━━━━━ Record extracts

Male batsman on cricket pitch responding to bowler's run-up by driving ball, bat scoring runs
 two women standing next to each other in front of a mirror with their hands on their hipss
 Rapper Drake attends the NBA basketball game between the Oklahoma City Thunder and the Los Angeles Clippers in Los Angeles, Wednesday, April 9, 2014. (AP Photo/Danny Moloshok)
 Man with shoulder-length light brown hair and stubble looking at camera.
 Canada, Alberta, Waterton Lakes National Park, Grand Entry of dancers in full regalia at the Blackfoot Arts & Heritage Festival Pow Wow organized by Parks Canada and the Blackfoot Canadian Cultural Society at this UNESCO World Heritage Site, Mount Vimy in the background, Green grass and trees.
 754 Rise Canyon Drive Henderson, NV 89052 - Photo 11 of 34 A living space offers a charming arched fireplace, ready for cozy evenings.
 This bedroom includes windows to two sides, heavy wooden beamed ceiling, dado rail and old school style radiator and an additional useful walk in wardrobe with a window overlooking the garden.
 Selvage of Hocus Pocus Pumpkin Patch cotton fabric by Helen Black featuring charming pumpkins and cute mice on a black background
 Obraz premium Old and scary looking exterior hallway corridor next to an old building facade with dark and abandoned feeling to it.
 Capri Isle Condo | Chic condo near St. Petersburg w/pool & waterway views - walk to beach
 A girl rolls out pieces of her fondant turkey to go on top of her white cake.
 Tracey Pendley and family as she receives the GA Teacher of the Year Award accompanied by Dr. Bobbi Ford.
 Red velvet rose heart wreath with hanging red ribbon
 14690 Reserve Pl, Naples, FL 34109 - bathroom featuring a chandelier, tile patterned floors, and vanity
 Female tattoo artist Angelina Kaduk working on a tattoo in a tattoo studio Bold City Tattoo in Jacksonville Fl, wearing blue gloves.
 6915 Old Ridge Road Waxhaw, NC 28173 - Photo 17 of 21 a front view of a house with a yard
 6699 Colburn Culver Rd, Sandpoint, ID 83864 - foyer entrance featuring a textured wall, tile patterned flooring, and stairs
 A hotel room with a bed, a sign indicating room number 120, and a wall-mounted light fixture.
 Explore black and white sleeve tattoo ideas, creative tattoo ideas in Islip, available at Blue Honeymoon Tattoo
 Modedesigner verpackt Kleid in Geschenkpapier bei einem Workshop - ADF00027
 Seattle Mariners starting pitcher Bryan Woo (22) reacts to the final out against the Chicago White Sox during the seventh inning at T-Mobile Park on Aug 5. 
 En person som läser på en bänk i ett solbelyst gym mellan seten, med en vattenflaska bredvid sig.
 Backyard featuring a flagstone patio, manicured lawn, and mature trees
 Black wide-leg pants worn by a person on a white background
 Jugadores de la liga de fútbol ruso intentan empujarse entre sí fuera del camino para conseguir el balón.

━━━━━━━━━━

Scan the material above for lines holding the string "City" and copy those lines.

#### Written reply:
 Rapper Drake attends the NBA basketball game between the Oklahoma City Thunder and the Los Angeles Clippers in Los Angeles, Wednesday, April 9, 2014. (AP Photo/Danny Moloshok)
 Female tattoo artist Angelina Kaduk working on a tattoo in a tattoo studio Bold City Tattoo in Jacksonville Fl, wearing blue gloves.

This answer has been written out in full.